Puisqu'il est reconnu impossible de conquérir l'Amérique, ruiner son commerce est à peu près le plus grand mal que la Grande-Bretagne eût pu lui faire, et, à cet égard, une guerre franche et déclarée n’eût pas été beaucoup plus efficace que les mesures adoptées par votre gouvernement, et aurait été moins perfide. Il faut plus de temps et de réflexion que n’en emploie un voyageur ordinaire pour découvrir que, malgré ces circonstances, l'Amérique est cependant tout anglaise : c’est-à-dire que l’Angleterre a encore tout avantage sur la France pour tirer des États-Unis tout le bénéfice qu'une nation peut tirer de l'existence d’une autre nation.
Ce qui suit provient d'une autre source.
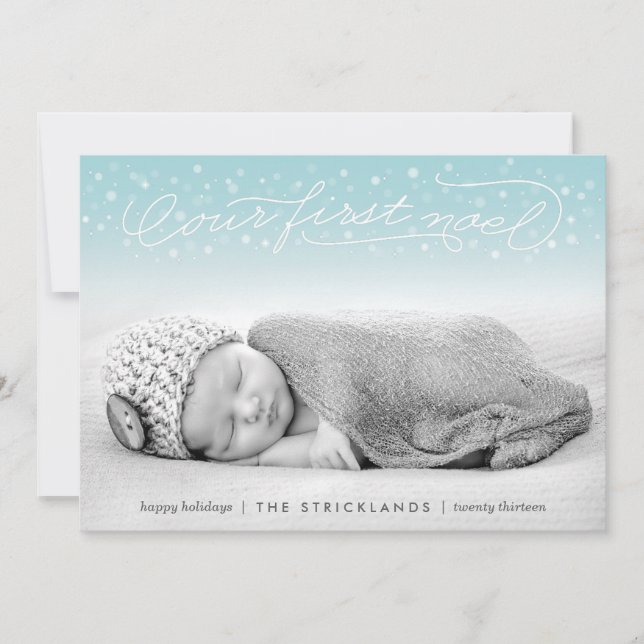 Vårt första Noel Aqua Helgdag-fotokort Julkort (Framsida)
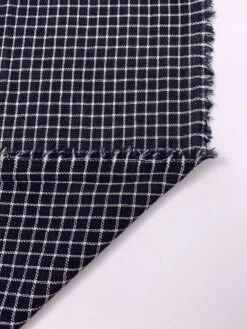 Windowpane Check Open-Weave Lightweight Wool Suiting - Navy / White 17 Windowpane Check Open-Weave Lightweight Wool Suiting - Navy / White -Fabrics And Fabrics Store 19667 6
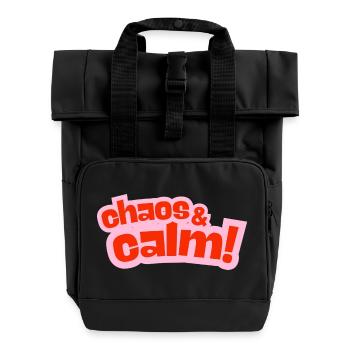 Chaos & Calme : Design de contraste - Sac à dos Roll Top à deux anses - noir - Devant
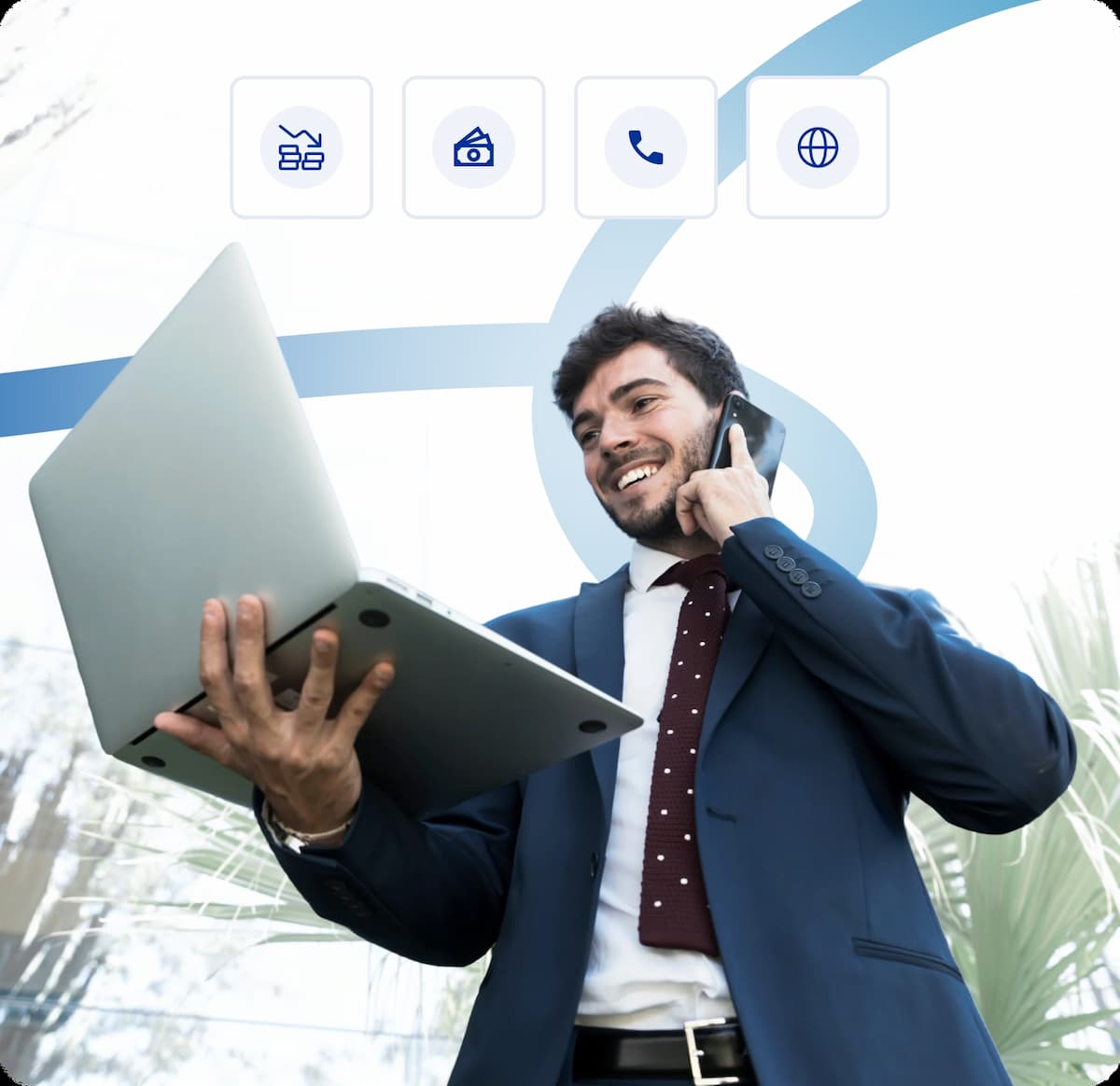 a man speaking on the phone, with a text message displayed on the screen in front of him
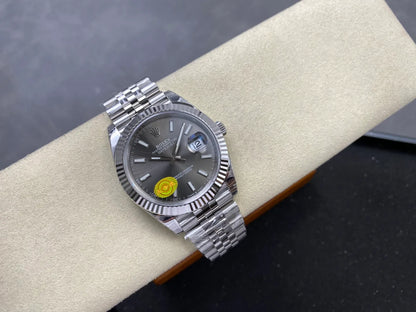 Datejust 41 126334 904L SS VSF 1:1 Best Edition Gray Stick Dial on Jubilee Bracelet VS3235 V2s (Free Sprung) Weighted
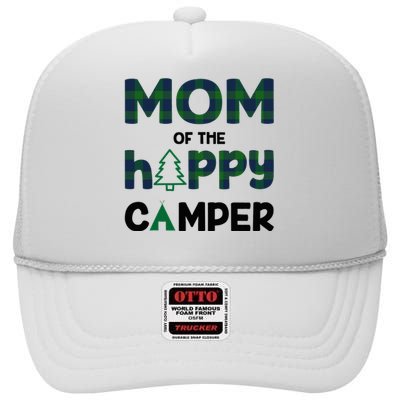 Mom of Happy Camper 1st Birthday Mom High Crown Mesh Back Trucker Hat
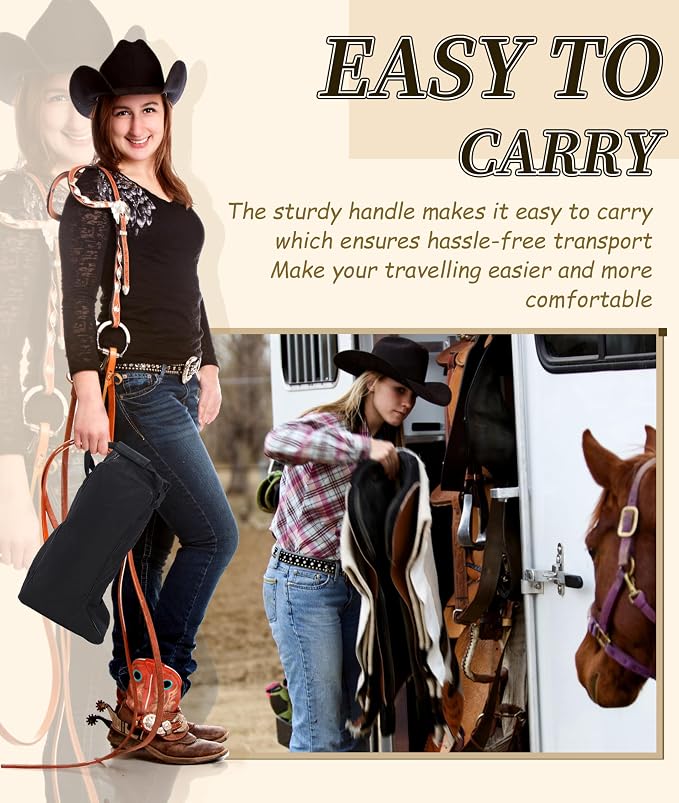 Oxford Cloth and Leather Boot Storage Bag - Portable Dust Proof With Handle Design for Cowboy and Snow Boots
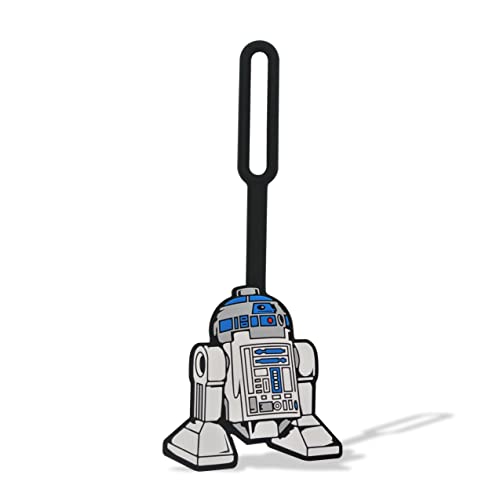 Lego Star Wars Silicone Luggage Tag - R2-D2 (52234) writable Surface on Back for ID Identification, Measures 6.5 inches Long, for Travel, Suitcase, Backpack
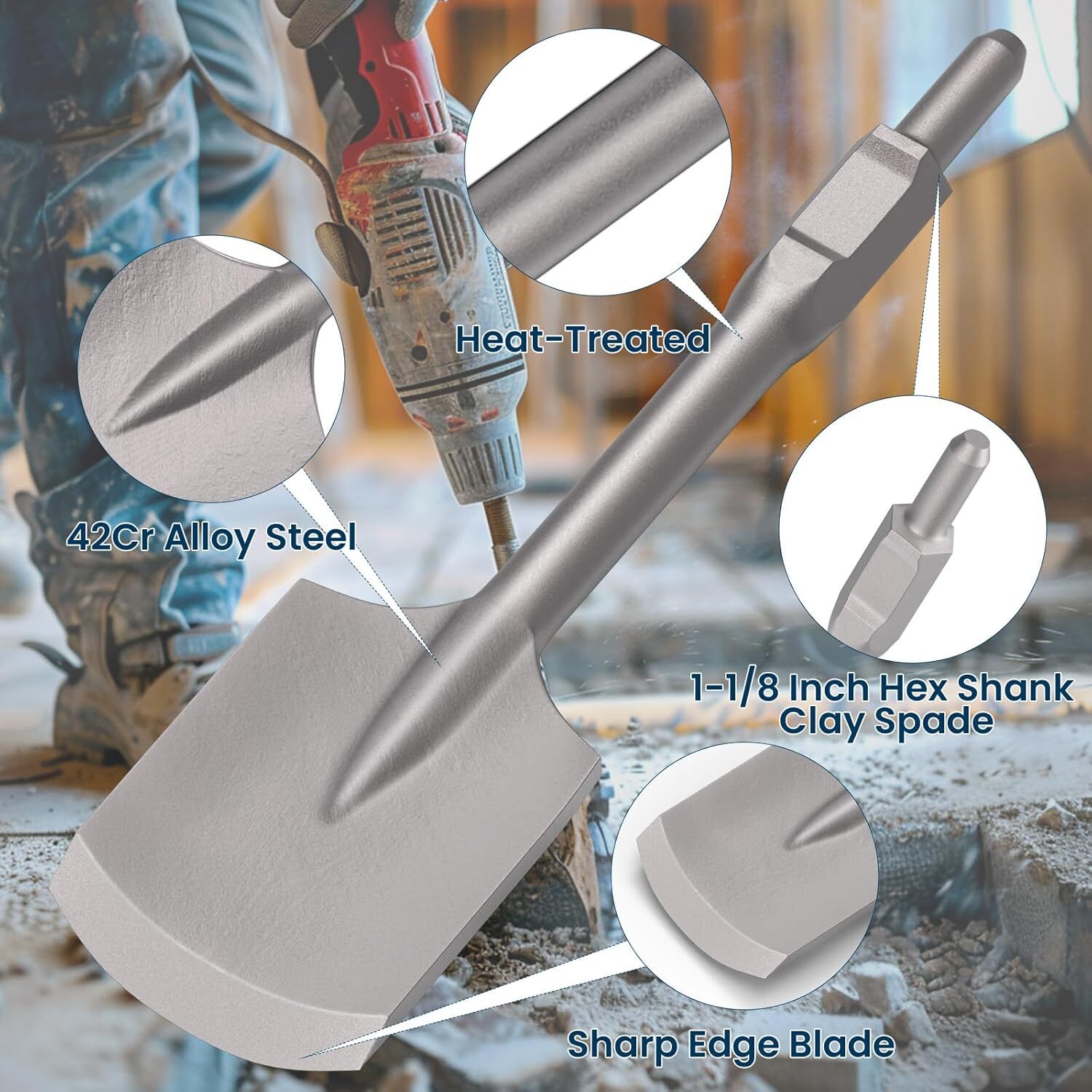 1PC SDS MAX Clay Spade Scoop Square Flat Shovel Chisel Bit for Jack Hammer Drill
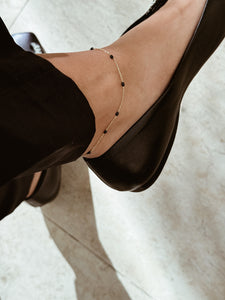 Black bead chain ankle bracelet
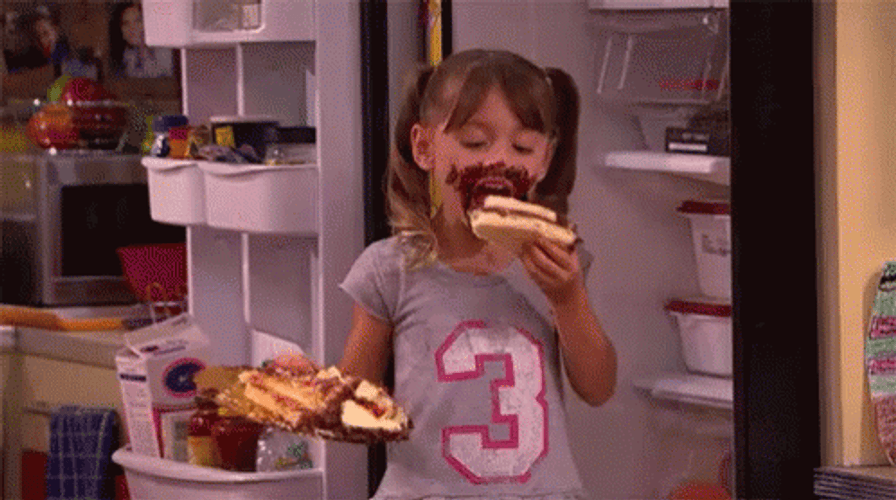 Little Girl Eating Cake GIF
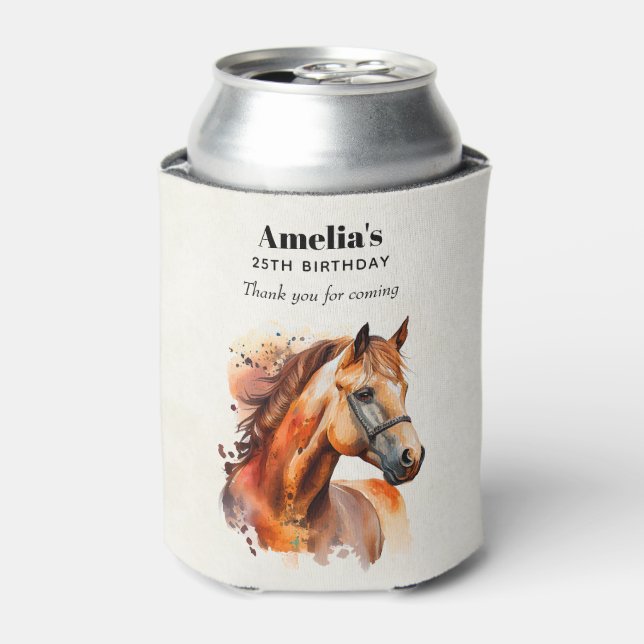 Beautiful Sorrel Horse Portrait Birthday Can Cooler (Can Front)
Pour qu’une nation soit utile à une autre nation, et lui fasse tirer profit de son existence, il faut deux choses : il faut qu’elle le veuille, et il faut qu’elle le puisse.

Or, je soutiens que c’est à l'Angleterre beaucoup plus qu'à la France que les États-Unis d'Amérique veulent et peuvent être utiles.

La volonté qu'ont les Américains d’être utiles à l'Angleterre par préférence à la France, porte sur les deux seules causes qui peuvent produire une telle volonté : l'inclination et l'intérét.